A mí cada vez me fue interesando más el hallazgo no como fin sino como medio, como los emocionados adobes de una construcción discursivopoética. Había un antecedente en la literatura española clásica: el gongorismo en general y Luis de Góngora y Argote en particular. Como se ha dicho, en éste la unidad idiomática del poema (Las soledades, el Polifemo y Galatea, el Panegírico al Duque de Lerma, etc.), no son las palabras o los fonemas sino las metáforas. Mis novelemas están cercanas al gran poeta cordobés, el cual no tiene empacho en unir indisolublemente el cantar y el contar o el ir desplegando la narración mediante un lirismo de la más alta factura. Tengo, desde luego, diferencias con Góngora, tanto desde el punto de vista de la forma (no empleo el hipérbaton, ni soy un feligrés del endecasílabo) como del contenido: no me interesa el aspecto puramente mitológico, ni mi posición está contextuada en el catolicismo.

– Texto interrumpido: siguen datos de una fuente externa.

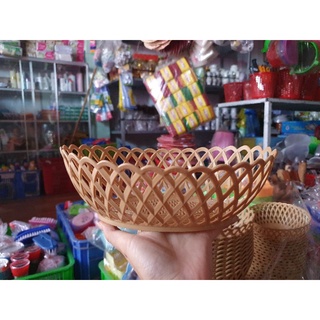 Giỏ đan nhựa giả mây tre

Los colmillos del dragón no es la única novelema que ha salido del numen o la ponzoña lírica, como decía mi abuelo, que conlleva mi quehacer literario con pasión indomeñable y singular alegría y que, por lo visto, la herencia y el medio ambiente han logrado cristalizar en mí. En realidad se trata de la sexta y más ambiciosa, ya que hace referencia al ciclo mitológico tebano que comienza con Cadmo, fundador de pueblos, termina con la muerte de Antígona, pasando por la tragedia de Edipo y sus consecuencias. Para recrear esta historia tomé principalmente como materia prima las múltiples referencias que sobre los cadmeos y los labdácidas aparecen en Eurípides, Esquilo y, sobre todo, Sófocles.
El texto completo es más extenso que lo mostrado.